Der Vogelzug ist eine ornithologische Meisterleistung, die den Menschen schon seit jeher fasziniert. Vögel fliegen schwarmweise Tausende von Kilometern über die Kontinente: Wie machen sie das? Und warum?
Die Schweiz bietet durch ihre vielseitige Landschaft Lebensraum für knapp 420 Vogelarten. Allerdings trifft man diese ornithologische Vielfalt nicht das ganze Jahr über bei uns an. Dies liegt daran, dass viele Vögel für ihre Brut einen anderen Lebensraum aufsuchen oder einige Arten nur als Wintergäste bei uns Halt machen. Wenn die Tage im Herbst langsam kürzer werden, machen sich deshalb Arten wie der Schwarzmilan oder der Fischadler auf ihre alljährliche Reise über die Kontinente. So nehmen jedes Jahr geschätzt fünf Milliarden Zugvögel ihre Wanderung zwischen Europa und dem Nachbarkontinent Afrika auf. Dabei können wir zwischen Kurz strecken-, Teil- und Langstreckenziehern unterscheiden. Weshalb es Unterschiede gibt? Dafür muss man die Beweggründe für die lange Reise etwas genauer betrachten.

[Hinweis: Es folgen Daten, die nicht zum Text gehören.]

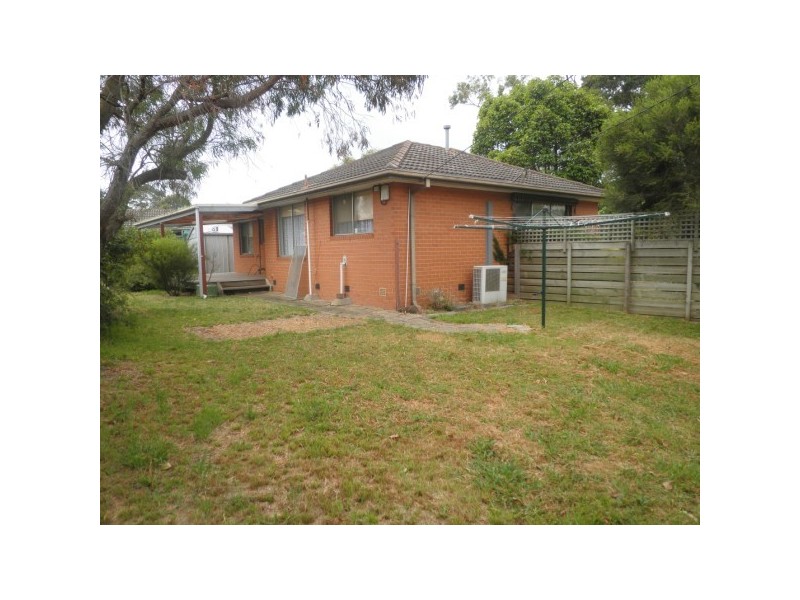 2 Taketa Crescent, Frankston VIC 3199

Die Langstreckenzieher legen Strecken weit über 4000 km zurück
Insektenfressende Vögel, wie zum Beispiel die Schwalbe, finden im Winter wenig Nahrung und müssen neue Gebiete aufsuchen, um ihren Bedarf zu decken. Sie legen Strecken von weit über 4000 Kilometern zurück und fliegen von Europa in den südlichen Teil Afrikas, südlich der Sahara. Dieses Verhalten gehört dem Langstreckenzug an und ist eine sehr spezialisierte Verhaltensform. Vogelarten, welche die Strapazen des Langstreckenzugs auf sich nehmen, wechseln ihren Lebensraum über das Jahr hinweg häufig und bleiben für die Brut kurz in ihrem Brutgebiet, bevor sie weiterziehen. Sie ernähren sich meist von nur kurz verfügbarer Nahrung wie zum Beispiel Insekten. Da viele Vögel für die Futtersuche im Winter in die nähere Umgebung ziehen, ist dort die Konkurrenz gross. Deshalb ziehen Arten, welche mit schmalen, langen Flügeln ausgestattet und somit dem Langstreckenflug optimal angepasst sind, weiter weg. Unter den Greifvögeln gehört beispielsweise der Baumfalke zu den Langstreckenziehern.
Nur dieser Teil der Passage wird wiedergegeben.